You want to do what with my EV?
Power my house and my neighbour!
We have spoken numerous times about the value of batteries for home and business. We offer these as a solution to people who have specific needs. In general they don’t offer a commercial return or pay for themselves in a reasonable time. So there needs to be another motivation for buying a battery. You can contact us to go through the options to see if this is the right decision for you.
What we have been recommending for the past 12-18 months is the concept of buying an electric vehicle and using that as your emergency battery. Note here EMERGENCY battery. Not an everyday battery.
How would this work?
Why would I use my car instead of a dedicated battery?
In the words of Spock – “it’s very logical”!

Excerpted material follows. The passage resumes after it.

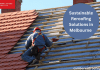 Sustainable Reroofing Solutions in Melbourne Reroofing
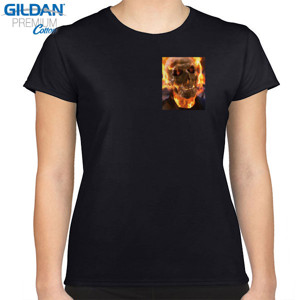 Kaos GHOSTRIDER BLACK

A typical home battery is 10kWh and without subsidies will cost around $12,000-$15,000 installed. $1200-1500/kWh
A typical electric car now has around 60kWh of battery and costs around $50,000. $833/kWh
But the home battery can only be a home battery and at 10kWh might just be enough to get you through an overnight blackout assuming you paid for the blackout protection option (another $1,000-2,000) and hope the solar system charges it up the next day (assuming there’s enough sun). If you switch off unnecessary appliances it will obviously last much longer.
However an electric car can take you to work, the supermarket, holidays AND in an emergency provide blackout protection for your home. And not just overnight. It has 6 times the capacity of a typical home battery, so that means 3-5 days of capacity if you manage your energy well in a blackout. Of course the solar on your roof can extend this almost indefinitely.
More importantly, if you start to run low, you could drive to a friend or a public charging station and fill up the EV, go home, plug in and you have another 3-5 days of energy reserve for an extended blackout.
If your neighbour, friend or family are also without power, you could always go visit them, provide them with some temporary power, plug their fridge in for an hour or two to keep the food from going off, warm up the hot water tank and at least make them comfortable for a few hours until the power came back on.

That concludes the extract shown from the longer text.